Created October 21, 2019 © CERN-OHL

DIY Capacitive Backlit Touch Panel Switches

Cant find the light switches in the dark? Our Switch has a backlit capacitive touch panel and can be controlled by app / Alexa / Google Home

AdvancedProtip21

DIY Capacitive Backlit Touch Panel Switches

Things used in this project

Hardware components

STMicroelectronics STM32F13C8T6

Espressif ESP8266 ESP-12E

Broadcom 0603 RGB LED

Resistor 10k ohm

HLK PM01

STMicroelectronics T810 Triac

onsemi MOC3063

Through Hole Resistor, 360 ohm

TTP223

0.1uF 0603 Capacitor

Tantalum Polymer Capacitor, 100 µF

500ma Fuse 1206

Software apps and online services

IFTTT Amazon Alexa service

Arm MDK-Essential Edition

Arduino IDE

Blynk

Hand tools and fabrication machines

Hot Air Station, Industrial

Soldering iron (generic)

Story

What was the need:

I live with my grandparents due to their age they couldn't see or hear properly and sometimes they are forgetful.
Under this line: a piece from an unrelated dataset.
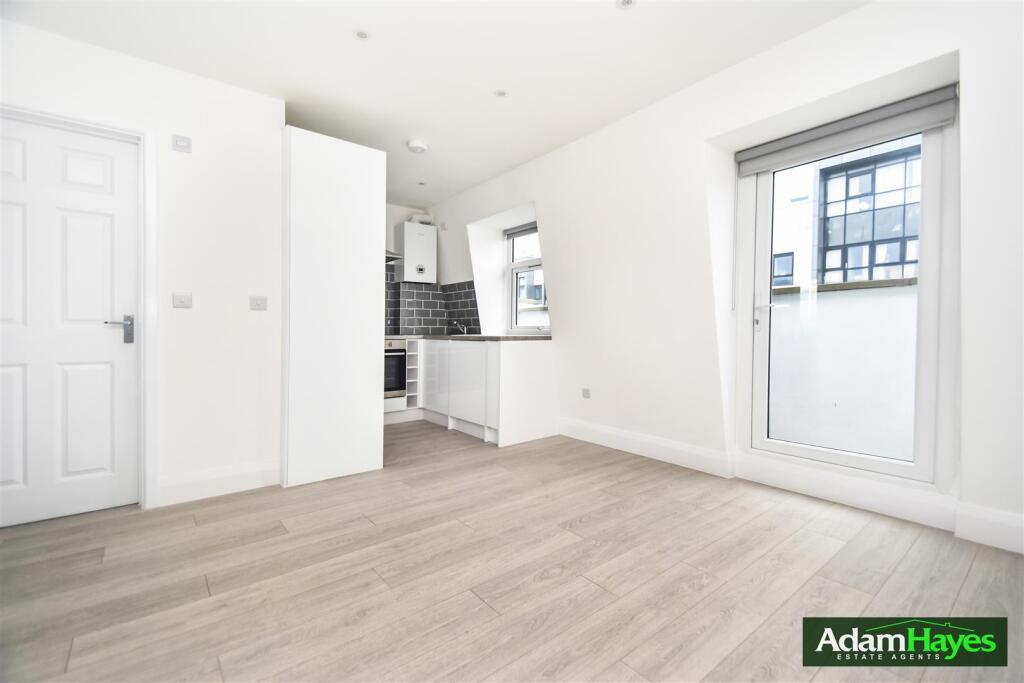 Main image of property: Regents Park Road, Finchley Central, N3
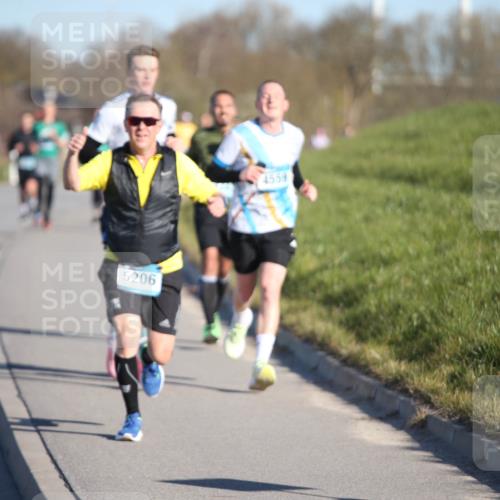 06.04.2025 - 44. Internationalen Wilhelmsburger Insellauf Jannik Wohlers http://msf.ph/oto/7610363 06.04.2025 09:25:51 Laufen 5206, 4559 meine-sportfotos.de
Everytime they get up in the middle of the night they couldn't find the light switch and this was a problem since they could trip and fall on something they couldn't see.
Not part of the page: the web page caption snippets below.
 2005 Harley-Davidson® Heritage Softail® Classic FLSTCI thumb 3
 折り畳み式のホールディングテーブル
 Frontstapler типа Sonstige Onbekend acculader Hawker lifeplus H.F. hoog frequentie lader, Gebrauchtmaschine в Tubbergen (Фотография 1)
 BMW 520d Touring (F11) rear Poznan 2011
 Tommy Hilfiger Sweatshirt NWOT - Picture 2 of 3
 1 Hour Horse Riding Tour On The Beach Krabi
I wanted a solution which can be easily customized and will fit in my existing wall switch fitting with no rewiring. So, I prototyped a backlit touch panel switch which worked on wifi. I was able to quickly intergate it with Amazon alexa with IFTTT and made a mobile app with Blynk.

My grandparents loved using the switch for a variety of reasons

When we were going on trip they usually worry if they had any home appliances ON. Now they just see in the mobile app and turn off everying.
They usually worry about our place getting robbed. Now even when they are hundreds of kilometers away they can turn the lights on in the evening and this simulates a presence in the home.
My grandparents use the mobile app when they are getting up in the middle of the night to turn on and off the lights from their bed and when they couldn't find the phone, the backlight in the switch guided them towards the switch.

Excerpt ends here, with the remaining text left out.